Design Patterns – Identifying and Describing Anti-Patterns

anti-patternsdesign-patternsdsl

The case where a source-level operator actually describes an operation to take place at some future point, thunking the real operator together with its operands.

I don't know if this has any kind of general name, or perhaps it's too low-level a design element to be thought of as a "pattern" at all, but anyway it's an element that is frequently seen in a number of situations:

  • If I understand correctly (not a frequent C++ user), Boost::Phoenix does this to represent its lambdas and lazy operations, e.g. overloading + to actually capture the arguments along with the real + function for their type
  • Parser combinators in functional languages (or something like Spirit) look like operators on data, but actually build a parser that runs later
  • Other EDSLs (in languages with operator overloading) seem to do this a lot, e.g. functional reactive programming libraries tend to invisibly build procedures that will do what the operation looks like it's doing right now
  • (Again, if I understand correctly) IO in Haskell builds an imperative computation out of pure components that is then "executed" by dark magic hidden in the language runtime, while looking like it's just executing the functions in-place
  • At a simpler level, Greenspunning an embedded mini-Lisp into a C program could be considered the same thing: S-expressions can be built out of calls to C functions, to be run later (this last one would probably usually be considered the antipattern case), letting you look like you're passing "a lambda" to a C function, when you're really passing interpreter data

It's obviously not an antipattern in all cases, as in some of those it's the only way to use the tool in question (doing it in C might earn one a beating though). I don't think it's "Greenspunning" or "using an EDSL" by itself, as it can be more generic and widely applicable than that. I don't think it's the Interpreter pattern, although I may not have correctly understood that one: the computation is being built directly by executing host language code (so it effectively exists at compile-time, but usually not as a first-class language construct), rather than parsed out of a string or other runtime loaded data.

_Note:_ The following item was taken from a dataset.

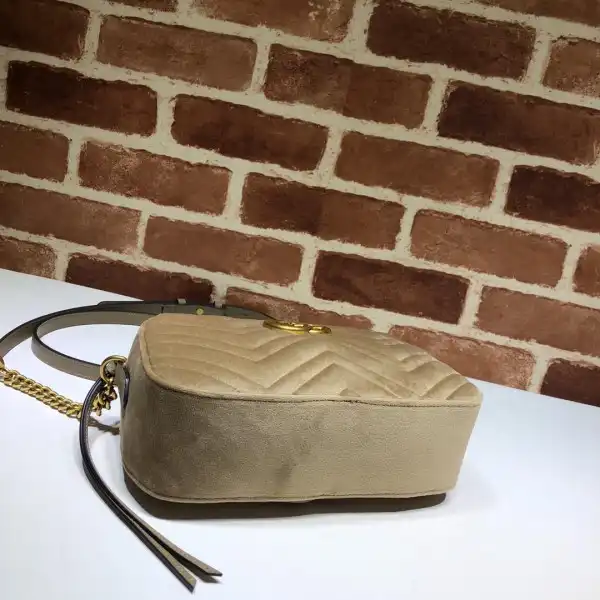 Gucci GG Marmont small matelassé shoulder bag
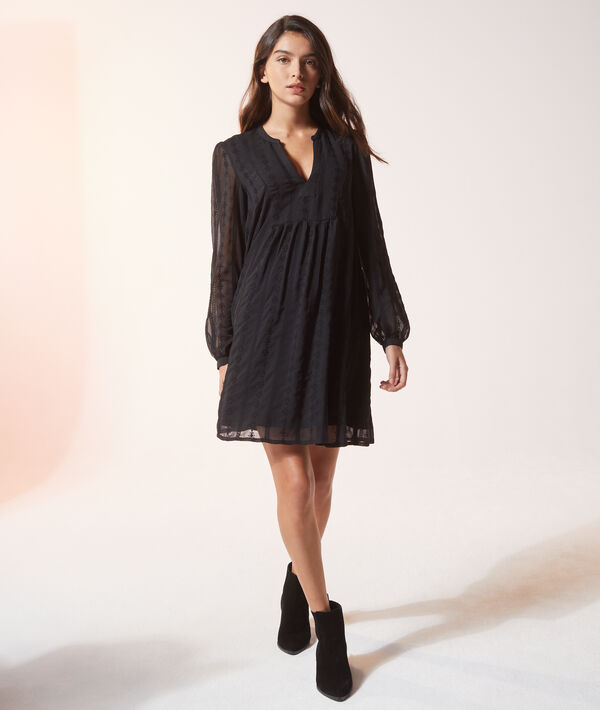 Robe brodée à manches longues Robe brodée à manches longues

In all cases, what seems to happen is that an operation looks like it's doing one thing (not necessarily very convincingly, if it's C and you need to write out Add instead of overloading +, but same idea), while actually packaging that action up for later consumption. Something like a "computation builder" pattern? But I haven't found that term in use.

I don't have a practical problem to solve here; it's just bugging me that there seems to be a common design element that I can't put a name to.

(Question originally posted at StackOverflow, moved by hand)

Best Answer

What you seem to be describing is Lazy Evaluation. Computations to be performed when the result is needed, rather than when it appears in the source code.

In Haskell, this is done by hiding these computations behind monadic abstractions. In C++, the abstractions are similar, but more explicit, and partially hidden behind overloaded operators and expression templates.

Similarly, your cited example of "Greenspunning" of a Lisp-like construct in C is not an antipattern, but rather a data-driven lazily-evaluated DSL, and seems, actually, to be one of the most common patterns of an FFI for Lisp and Scheme interpreters (especially in ECL, Chicken, tinyscheme and others), since C lacks the means to construct and pass unexecuted functions as data.

You will notice that these patterns do not appear in languages which have first-class function objects.